What did the journalist do wrong anyway? She didn’t even need dignify the article with a comment from Laura or her unfunny comic hubby Iain Stirling (yeah, you’d only recognise his voice).
This overreaction was cruel and malicious; there must’ve been some intent to embarrass the editor and have Laura’s gormless fans go after this poor woman.
So when I decided to call out this mediocre reality TV presenter on her Instagram post, she subsequently BLOCKED me. I was simply echoing the same sentiment of remaining ‘kind’ online as she did on her own radio show.
Explain the difference? How can you advocate kindness on social media, yet knowingly reveal the identity of a journalist who upset you because she asked for a sentence for an online story. Get a life. Work might be drying-up if she has the time to ridicule strangers online, especially when her agent could’ve replied and quashed rumours.

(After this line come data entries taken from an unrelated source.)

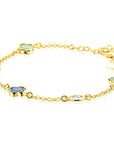 ZINZI gold plated zilveren schakel armband met twee mintgroene klavers en een blauwe klaver 17-20cm ZIA2763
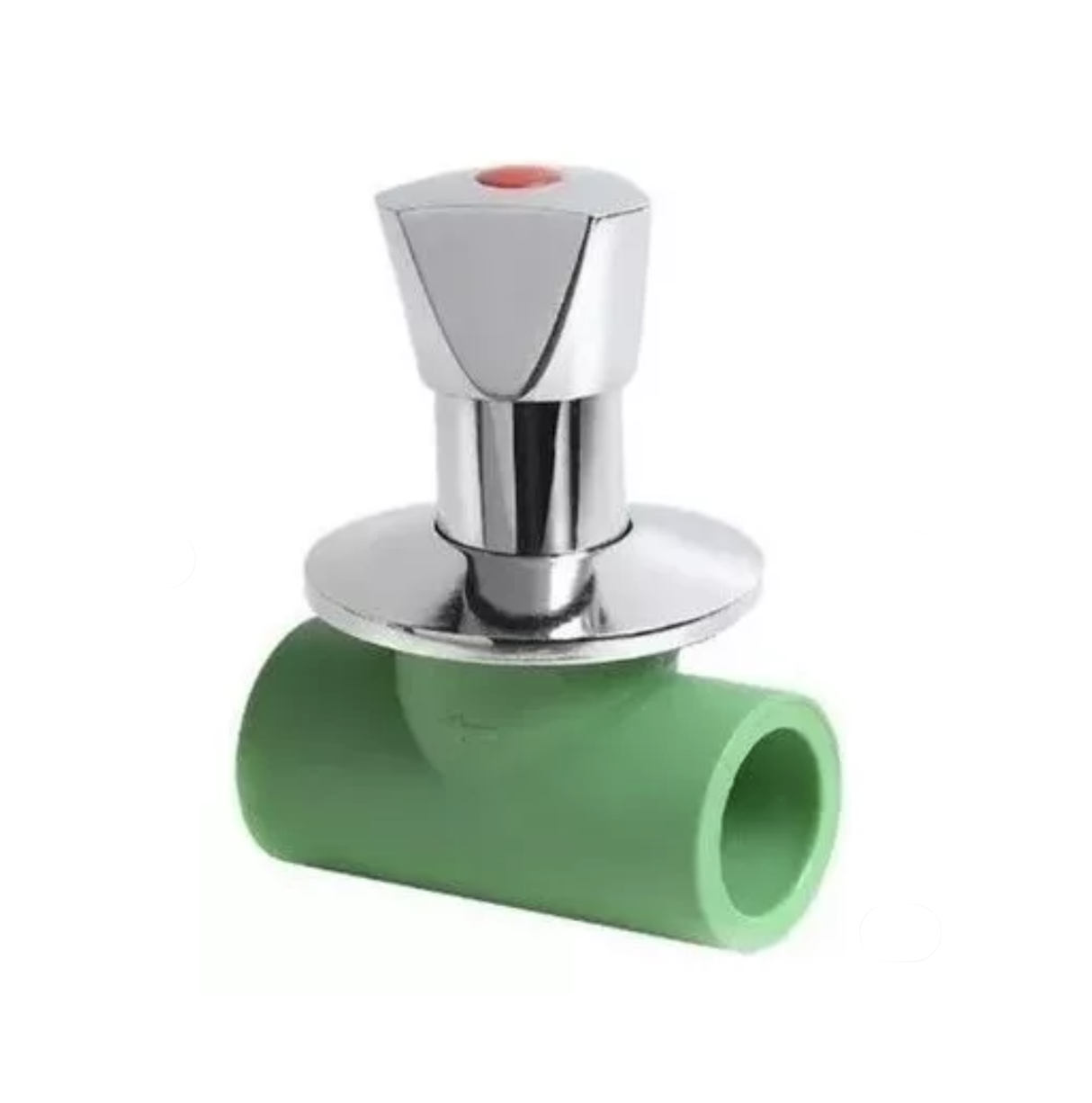 Llave Paso 20mm Ppr Verde Campana Cromada Triangular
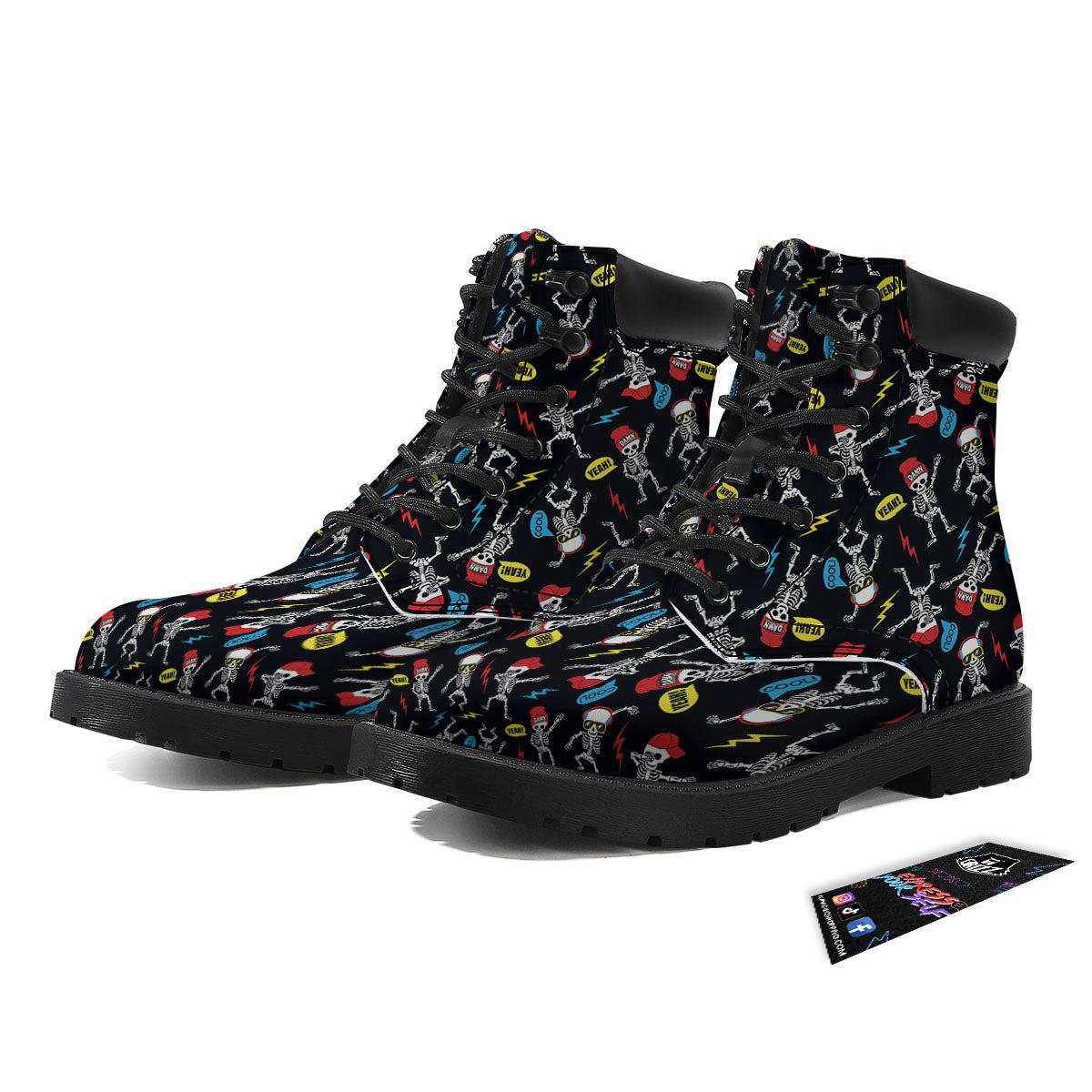 Skeleton Party Fun Print Pattern Boots-grizzshop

I’m exhausted by these D-list celebrities wanting fame and fortunes, yet don’t accept the other side of being in the public eye. You can’t have it both ways. The likes of Laura Whitmore have the best jobs in the world, presenting to millions of viewers, generous salaries, fun-packed filming, free outfits — sounds fantastic, right? But with those unique benefits, comes greater public interest in your personal life.
You signed up for this. What made you think, Laura, that being the host of ITV2’s flagship TV show, they’d be no press intrusion or public interest in your life. Perhaps if you can’t face the reality of fame, quit your cushy Love Island gig. There’s a queue of much more talented, humble, and understanding presenters who would be ready to take your place in a heartbeat.
A few days ago, after sharing the cordial email online, she followed-up with a picture talking about further ‘press intrusion’. She referenced a marriage certificate that was leaked by a tabloid, but again I ask, what do you expect as a celebrity?
I’m flummoxed by her peculiar assessment of celebrity culture, for decades the press have always taken interest in individuals on telly or film — what makes her think she should be exempt? As long as it’s on her terms, or she’s the front cover, and has complete control of what people say about her, then she appears to be fine with it.
That’s not how it works, I’m afraid to say.
On the flip side, Ellie Goulding and her husband Caspar Jopling, revealed the name of their baby via The Times. So what’s Laura’s issue?
Not even the Royal Family make this kind of a fuss when they’re revealing the name of their latest royal baby; the difference being they have the world’s attention, yet Laura is barely scraping a combined audience of 2million. It’s laughable to the point I can’t tell if she’s being serious or trolling the people who might be mildly interested.
Now, if Laura hadn’t blocked me on Instagram, I would’ve messaged explaining her empty virtue-signalling. Instead, my words will be communicated via this column, and it’s very straightforward: if you really want people to be kind, you’ve got to lead by example.
Don’t lecture the public from your high horse on what’s wrong and what’s right, when evidently, you’re just as bad. Cheers, Laura.